It takes a special blend of different processing technologies to handle fast streams of high-resolution imagery from EO/IR sensors. "That trio is the mix du jour, (but) every application uses a different combination of FPGAs, GPUs, etc., and different primes are more partial to different combinations," Couture says. "The form factor most popular in defense is VPX; there are smaller form factor implementations when needed. We often take industrial versions of those chips and ruggedize them for extreme temps, different vibration profiles, and sealing against foreign particulates."

The Navy SAWS aboard the aircraft carrier USS Dwight D. Eisenhower uses two EO/IR sensors, a laptop control station, and digital video recorders to provide 360-degree visual coverage around the ship for force protection, navigation, and search and seizure operations.

The Army is pursuing similar efforts to enhance battlefield situational awareness. "The Army operating concept of winning in complex environments with complete situational understanding creates requirements for EO/IR sensors doing a targeting mission. You also need wider situational awareness, which you can cover with picture-in-picture and Step-Stare, which essentially is mosaicing, where you move your sensor around and take multiple images, then stitch those together," Zinsli says. "As we move forward, we hope to have better integrated payloads. You may have sensors covering a lot of different bands, but with some sort of AITR with a software component that turns all the incoming data into information or at least cues for the operator."

Technology insertion

For the near- and mid-term, the military is looking at upgrading legacy platforms and systems. One difficulty is the research budget, which has led the Army, for example, to look at partner labs to come up with good ideas, and work on related technologies they eventually can transition.

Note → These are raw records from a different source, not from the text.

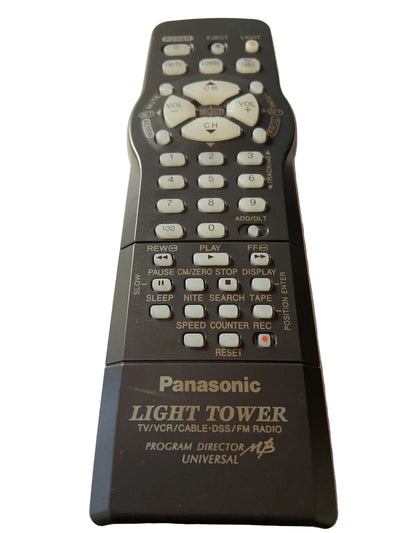Panasonic Remote - LSSQ0341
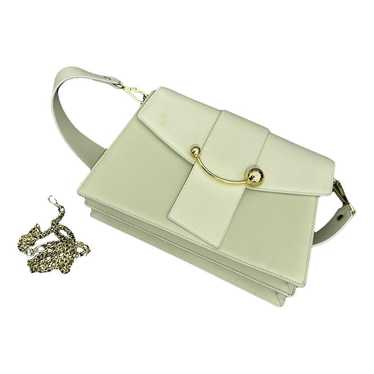 Strathberry Leather handbag - image 1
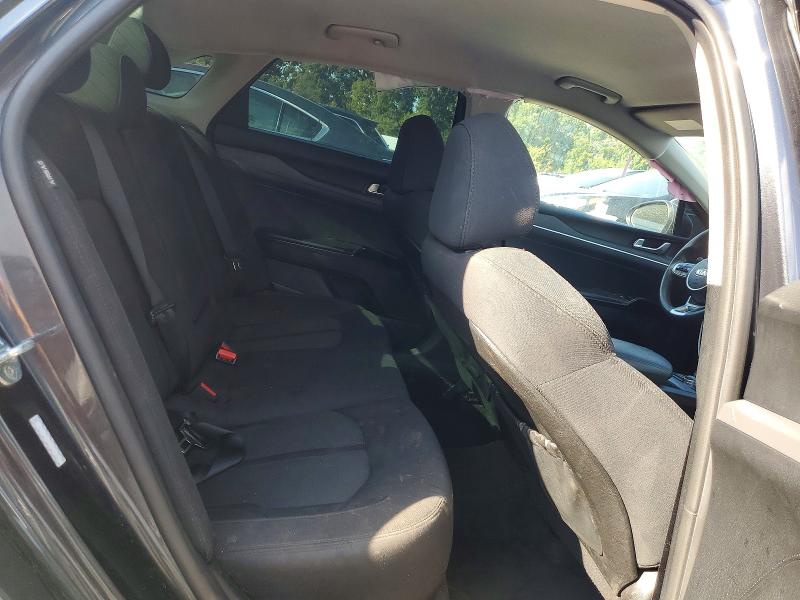Aukcja sprzedaży 2021 Kia K5, vin: 5XXG14J2XMG018786, numer aukcji: 67312716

"We have moved away from the quick reaction capability mode of operating, which leads to longer timeframes to develop technology. QRCs were the product of urgent needs in the battlespace and, during the Bush years, having the money to solve the problem of people dying," Zinsli says.

The SAFIRE 380-HD EO/IR sensor pod is mounted to an Augusta Westland AW189 helicopter.

As with more and more military technology, cutting-edge research is coming from the commercial world, modified to meet the needs of warfighters but advancing what they have far more quickly than would be possible with specialized military hardware. Hand-in-hand with that is a heavy focus on making new systems easy to use and intuitive for the warfighter in the field.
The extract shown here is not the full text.